Circular Dynamics — Physics Module 3

§ 01

Kinematics of Circular Motion

Before forces, we need the geometry. Circular motion introduces angular quantities that parallel every linear kinematic concept.

An object in uniform circular motion moves at constant speed along a circular path of radius $r$. The word "uniform" means the speed is constant — but since direction continuously changes, the velocity vector is not constant. This changing velocity implies acceleration.

Angular position

Angle θ

$\theta$ in radians

One full revolution = $2\pi$ rad = 360°. Radians are dimensionless ratios of arc length to radius: $\theta = s/r$.

Angular velocity

ω (omega)

$\omega = \dfrac{d\theta}{dt}$

Rate of angular change. Unit: rad/s. Relates to period: $\omega = 2\pi/T$ and to linear speed: $v = \omega r$.

Period & frequency

T and f

$T = 1/f = 2\pi/\omega$

Period $T$ is the time for one full revolution. Frequency $f$ is revolutions per second (Hz). These three are all interchangeable.

The key kinematic relations

Angular–Linear equivalence

Linear speed from ω

$$v = \omega r$$

A point further from the centre moves faster, even at the same $\omega$. This is why the tip of a spinning blade moves faster than the hub.

Period from speed

$$T = \frac{2\pi r}{v}$$

Circumference divided by speed. The time to complete one full circle.

Full angular equivalences

$$\omega = \frac{2\pi}{T} = 2\pi f$$

Three ways to express the same rotational rate.

Symbol reference

Symbol	Quantity	SI Unit	Linear analogue
$\theta$	Angular position	rad	$x$ (position)
$\omega$	Angular velocity	rad s⁻¹	$v$ (velocity)
$\alpha$	Angular acceleration	rad s⁻²	$a$ (acceleration)
$r$	Radius	m	—
$T$	Period	s	—
$f$	Frequency	Hz = s⁻¹	—
$v$	Tangential speed	m s⁻¹	$v$ (same)

§ 02

Centripetal Acceleration & Force

The acceleration of circular motion always points toward the centre. By Newton's second law, a net inward force must be responsible.

Even at constant speed, a circularly moving object has an acceleration — because its velocity direction is changing. This centripetal acceleration ("centre-seeking") always points perpendicular to the velocity, directly toward the centre of the circle.

Centripetal acceleration & force

Centripetal acceleration

$$a_c = \frac{v^2}{r} = \omega^2 r$$

Both forms are equivalent via $v = \omega r$. Points radially inward at every instant.

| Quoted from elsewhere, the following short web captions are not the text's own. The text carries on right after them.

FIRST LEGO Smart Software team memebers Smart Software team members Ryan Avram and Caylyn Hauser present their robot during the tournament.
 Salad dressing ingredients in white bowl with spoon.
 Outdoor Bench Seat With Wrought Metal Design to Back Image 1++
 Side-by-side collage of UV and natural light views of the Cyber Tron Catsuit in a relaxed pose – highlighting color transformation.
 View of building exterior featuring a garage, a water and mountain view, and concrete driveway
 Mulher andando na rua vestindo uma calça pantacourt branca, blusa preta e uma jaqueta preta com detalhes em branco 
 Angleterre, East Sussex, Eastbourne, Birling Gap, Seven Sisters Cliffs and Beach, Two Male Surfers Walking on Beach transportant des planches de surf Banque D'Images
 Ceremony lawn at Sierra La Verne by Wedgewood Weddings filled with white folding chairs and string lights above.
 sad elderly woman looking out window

Centripetal force (Newton II)

$$F_c = \frac{mv^2}{r} = m\omega^2 r$$

Not a new type of force. This is whatever existing force (gravity, tension, friction, normal) is providing the inward net force.

✗ The biggest misconception in circular motion "Centrifugal force" — the sensation of being flung outward in a turning car — is not a real force in an inertial reference frame. It is a fictitious force that appears only in the non-inertial (rotating) frame. In the inertial frame, the car seat pushes you inward (centripetal). We return to this in §7.

📐 Direction is everything Centripetal force is always directed radially inward — toward the centre. It is always perpendicular to the velocity. Therefore it does no work on the object (work = F·d cosθ, and θ = 90°). Speed stays constant; only direction changes.

§ 03

Derivation of $a_c = v^2/r$

The centripetal acceleration formula can be derived geometrically from the change in the velocity vector — no calculus required, just similar triangles.

Geometric derivation

Consider an object moving from point P to point Q on a circle of radius $r$ in a small time $\Delta t$. The arc length is $\Delta s = v\,\Delta t$. The velocity vectors at P and Q have the same magnitude $v$ but differ in direction by the same angle $\Delta\theta$ as the arc subtends at the centre.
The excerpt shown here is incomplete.